:: WHAT THIS TASK INVOLVES ::
The part to set down runs from the first line of the data below through the line with "Original Vintage Frettchen", inclusive; write it exactly and leave out the pictures.

(Stored items)
================
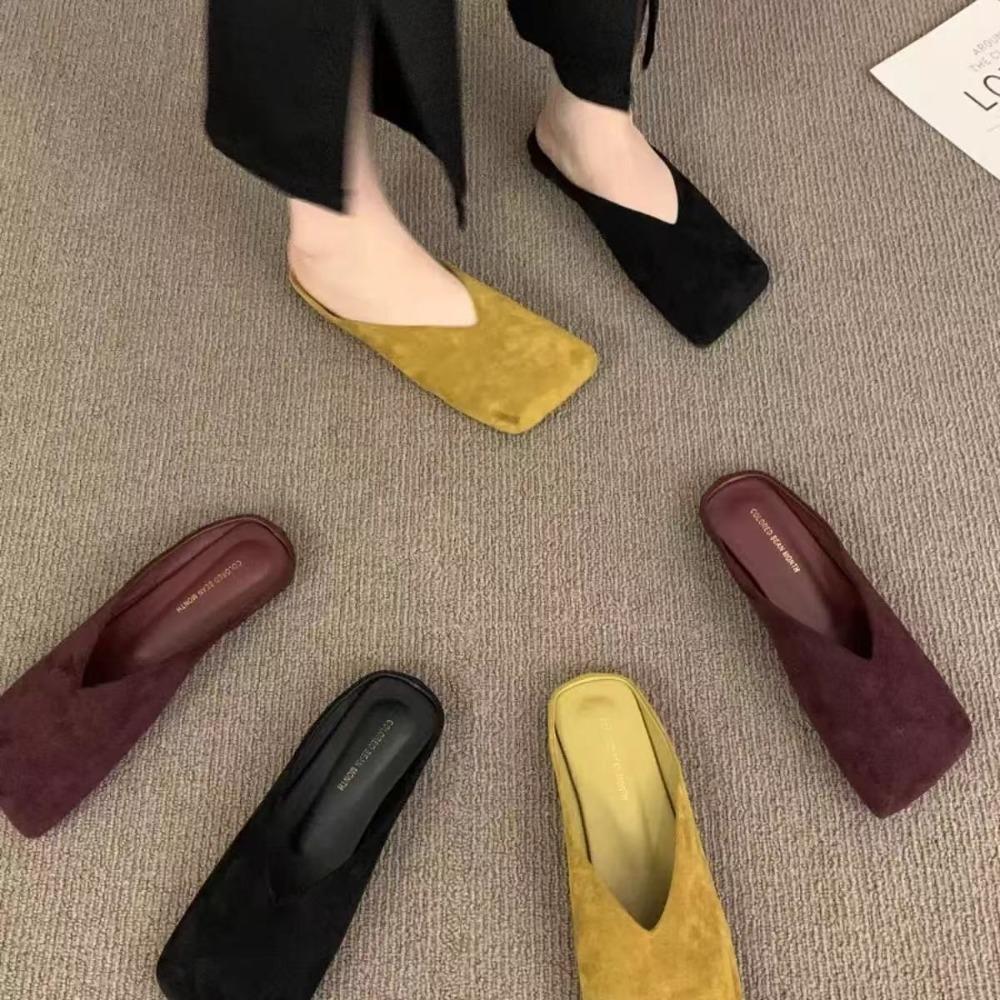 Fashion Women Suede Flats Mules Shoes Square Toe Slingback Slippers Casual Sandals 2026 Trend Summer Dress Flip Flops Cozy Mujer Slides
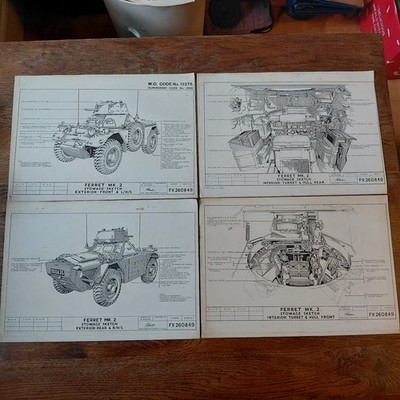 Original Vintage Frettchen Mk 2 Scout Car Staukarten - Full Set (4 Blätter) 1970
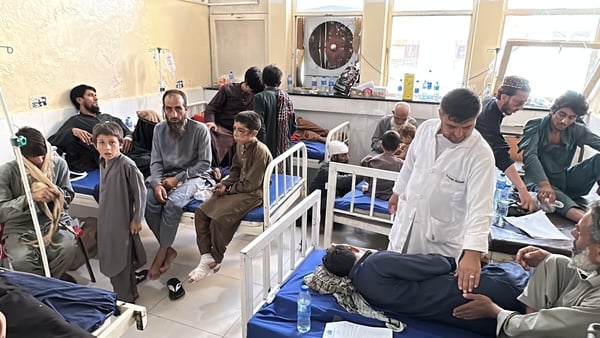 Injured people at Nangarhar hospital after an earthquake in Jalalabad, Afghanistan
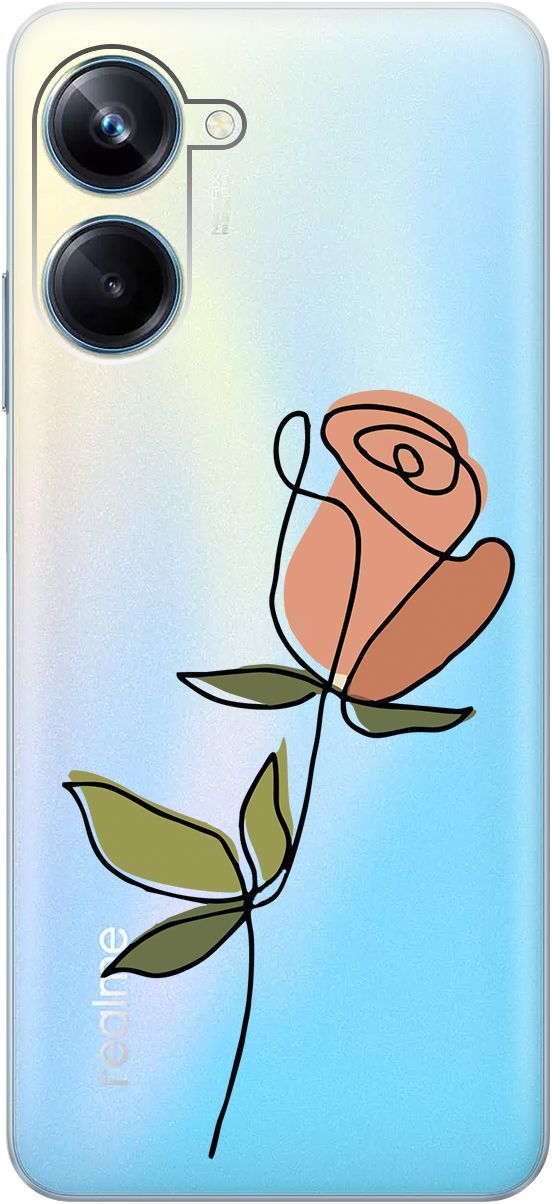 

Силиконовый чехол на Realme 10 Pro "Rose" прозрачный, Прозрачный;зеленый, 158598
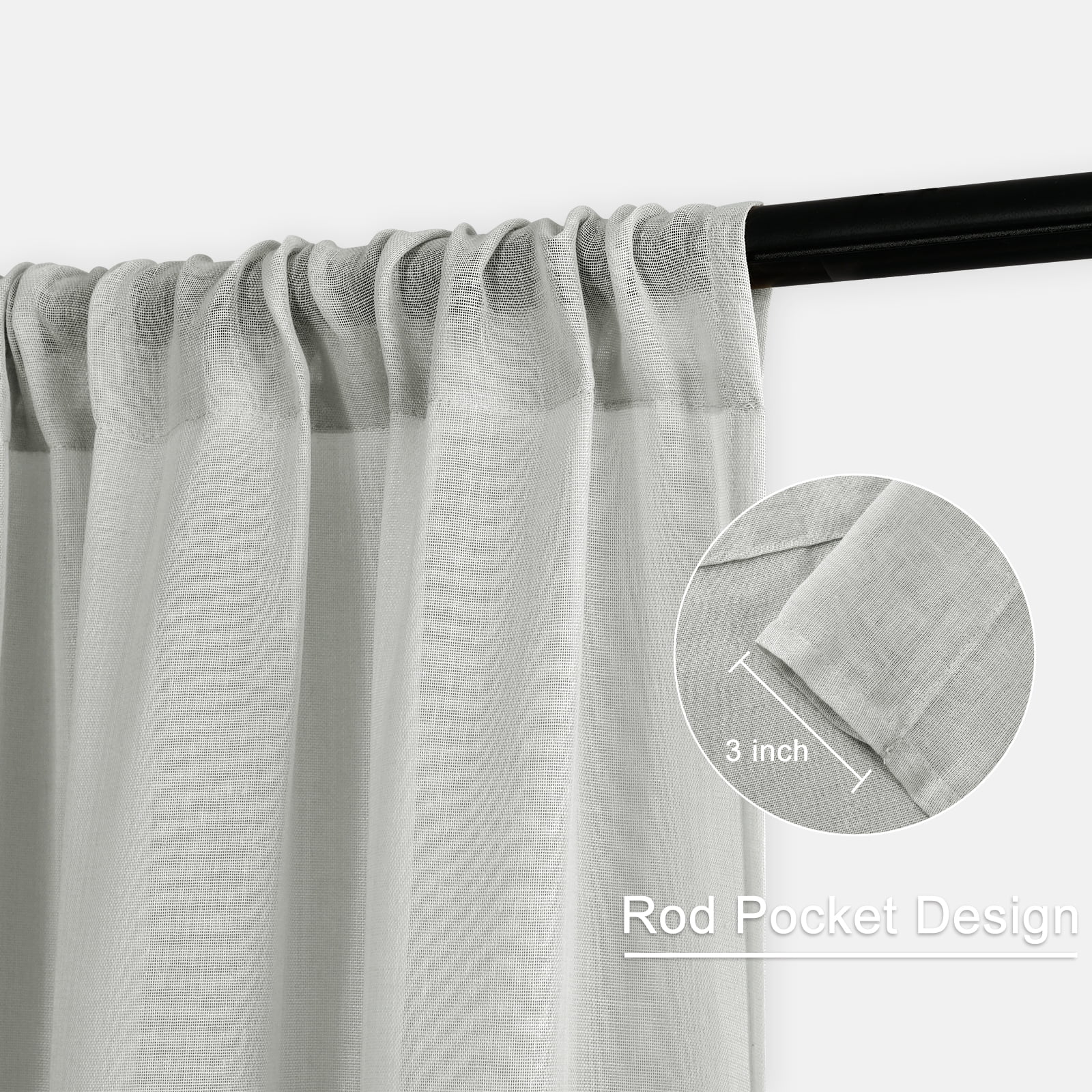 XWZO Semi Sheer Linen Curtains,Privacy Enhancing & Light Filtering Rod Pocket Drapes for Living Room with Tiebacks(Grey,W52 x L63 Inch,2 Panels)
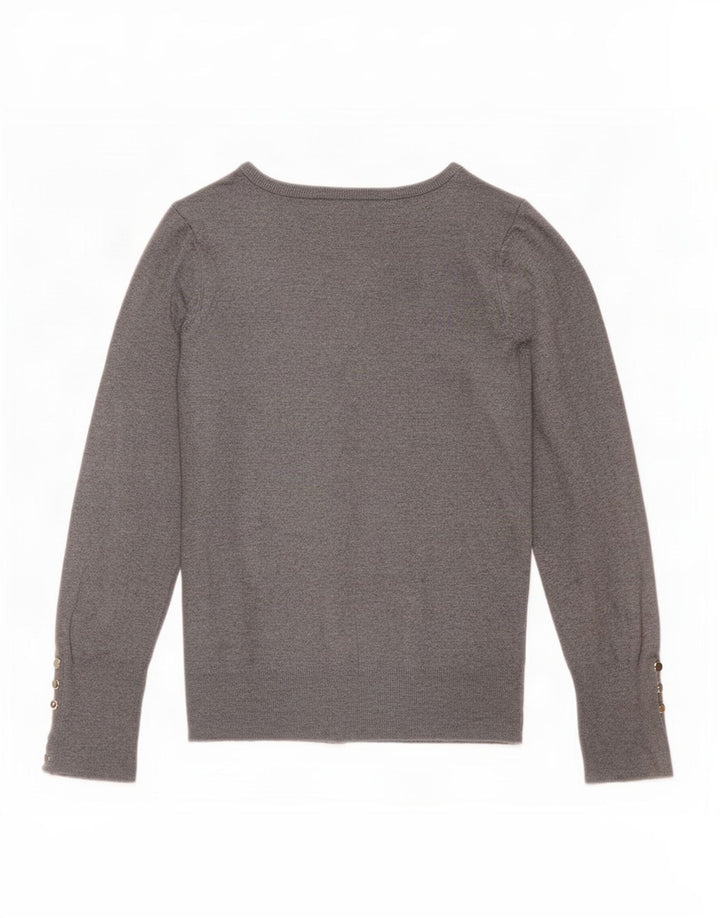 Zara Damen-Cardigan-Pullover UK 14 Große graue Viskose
================
:: TASK OUTPUT ::
 Fashion Women Suede Flats Mules Shoes Square Toe Slingback Slippers Casual Sandals 2026 Trend Summer Dress Flip Flops Cozy Mujer Slides
 Original Vintage Frettchen Mk 2 Scout Car Staukarten - Full Set (4 Blätter) 1970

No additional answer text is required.